Whenever a line in the records below contains "from", pick it out.

╭─ EXCERPTED RECORDS

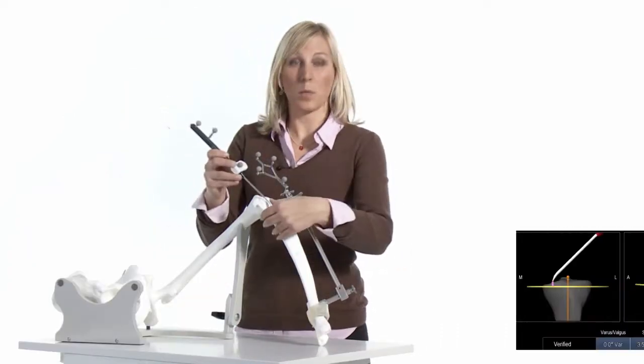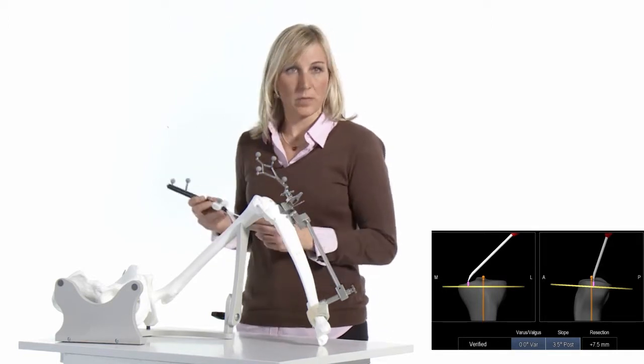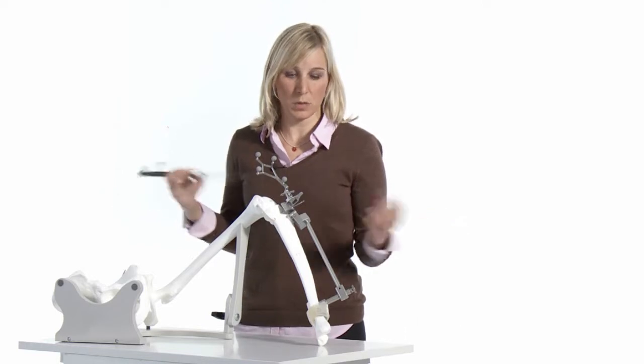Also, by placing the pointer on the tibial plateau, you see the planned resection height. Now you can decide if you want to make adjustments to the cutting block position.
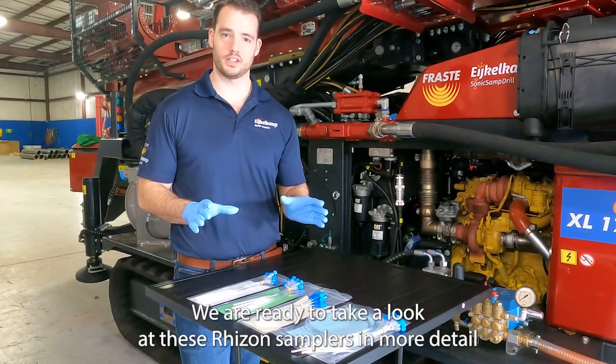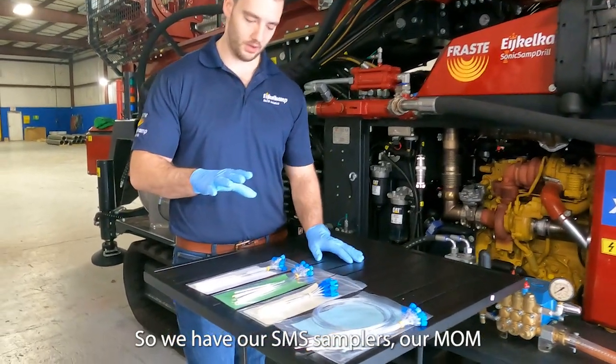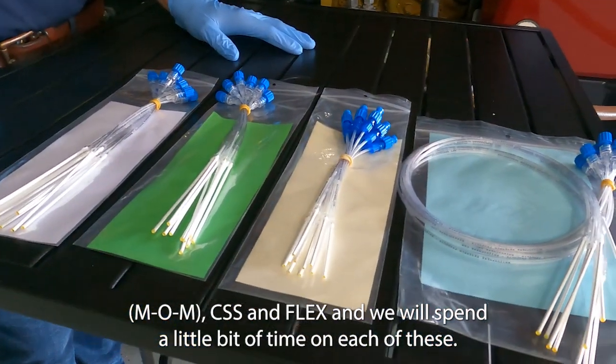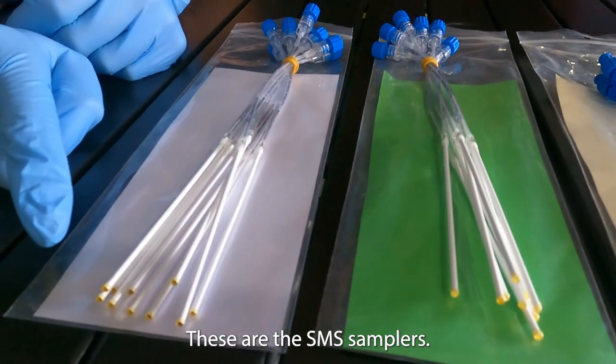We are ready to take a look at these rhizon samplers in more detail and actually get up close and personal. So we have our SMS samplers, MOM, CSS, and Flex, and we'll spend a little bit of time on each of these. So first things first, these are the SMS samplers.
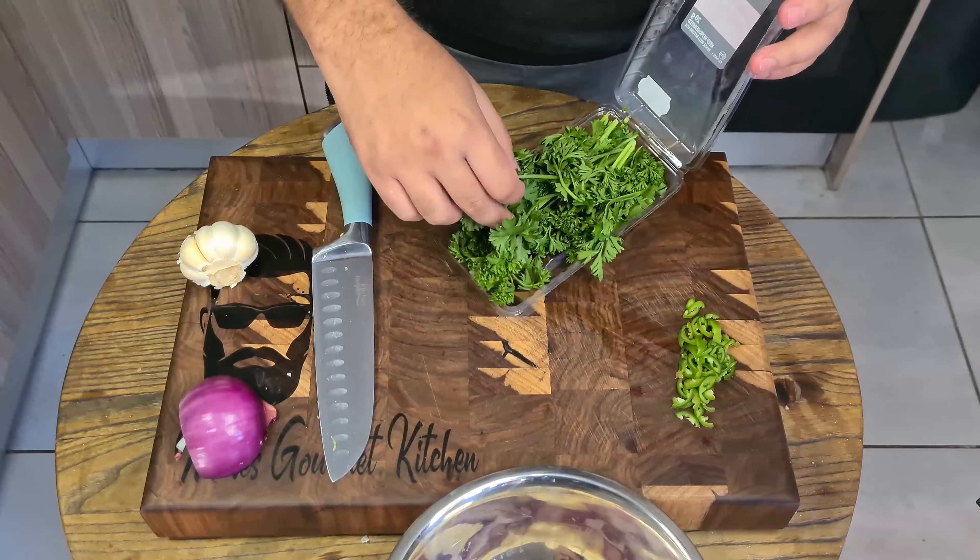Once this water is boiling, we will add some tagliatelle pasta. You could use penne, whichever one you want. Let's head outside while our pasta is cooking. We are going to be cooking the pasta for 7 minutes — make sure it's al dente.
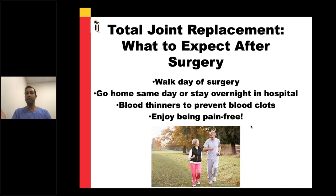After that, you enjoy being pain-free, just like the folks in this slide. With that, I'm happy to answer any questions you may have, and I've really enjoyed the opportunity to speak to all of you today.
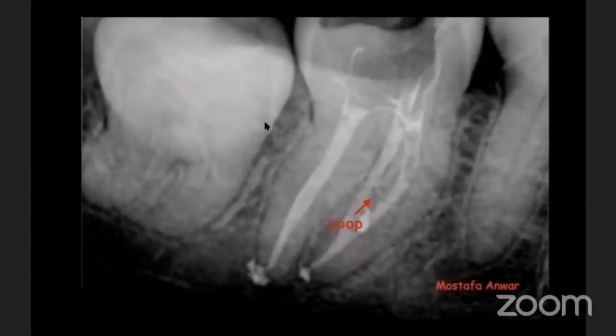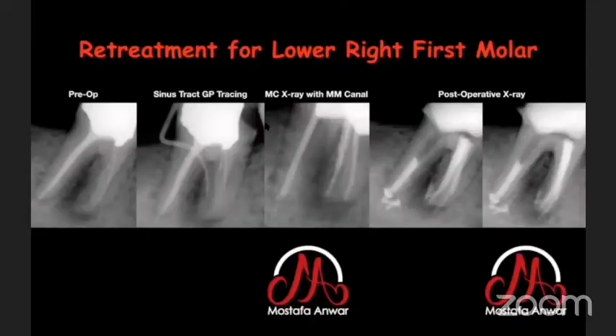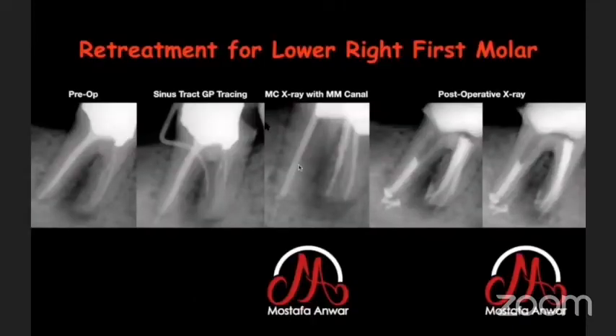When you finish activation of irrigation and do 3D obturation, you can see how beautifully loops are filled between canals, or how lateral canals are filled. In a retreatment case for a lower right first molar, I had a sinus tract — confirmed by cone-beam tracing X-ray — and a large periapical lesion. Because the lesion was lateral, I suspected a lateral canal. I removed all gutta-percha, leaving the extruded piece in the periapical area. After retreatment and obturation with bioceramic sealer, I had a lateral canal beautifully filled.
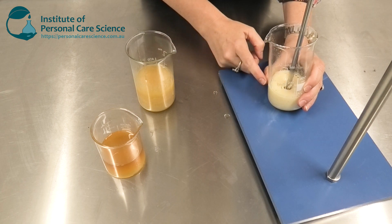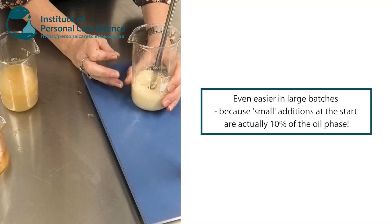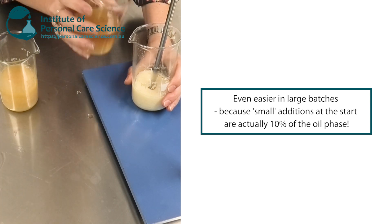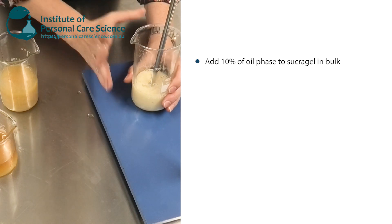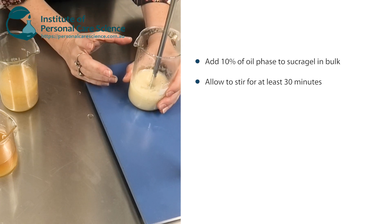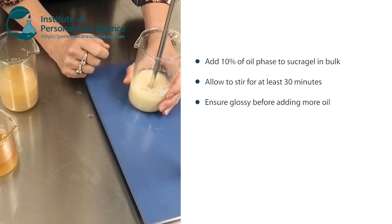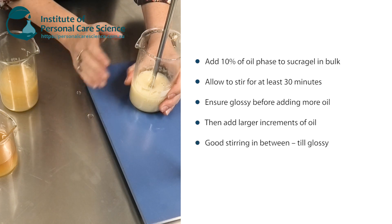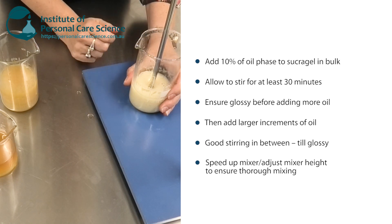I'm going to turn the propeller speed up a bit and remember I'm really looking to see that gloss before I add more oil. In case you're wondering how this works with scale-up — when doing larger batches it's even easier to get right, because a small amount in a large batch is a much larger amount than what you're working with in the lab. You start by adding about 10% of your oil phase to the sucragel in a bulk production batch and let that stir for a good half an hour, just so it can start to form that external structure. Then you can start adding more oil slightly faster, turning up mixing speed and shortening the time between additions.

╰─
╭─ EXCERPTED RECORDS

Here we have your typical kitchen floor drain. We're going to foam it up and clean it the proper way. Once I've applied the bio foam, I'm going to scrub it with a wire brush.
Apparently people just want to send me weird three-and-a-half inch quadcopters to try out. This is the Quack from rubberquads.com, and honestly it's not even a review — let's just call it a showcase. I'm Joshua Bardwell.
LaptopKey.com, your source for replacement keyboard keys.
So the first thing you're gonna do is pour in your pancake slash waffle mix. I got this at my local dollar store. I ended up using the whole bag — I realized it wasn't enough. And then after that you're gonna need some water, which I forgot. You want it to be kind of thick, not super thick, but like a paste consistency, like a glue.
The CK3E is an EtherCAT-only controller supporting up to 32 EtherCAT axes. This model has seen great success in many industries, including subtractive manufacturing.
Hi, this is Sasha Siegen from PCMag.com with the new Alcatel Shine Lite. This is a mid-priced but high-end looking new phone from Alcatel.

╰─

# WRITTEN ANSWER:
Apparently people just want to send me weird three-and-a-half inch quadcopters to try out. This is the Quack from rubberquads.com, and honestly it's not even a review — let's just call it a showcase. I'm Joshua Bardwell.
Hi, this is Sasha Siegen from PCMag.com with the new Alcatel Shine Lite. This is a mid-priced but high-end looking new phone from Alcatel.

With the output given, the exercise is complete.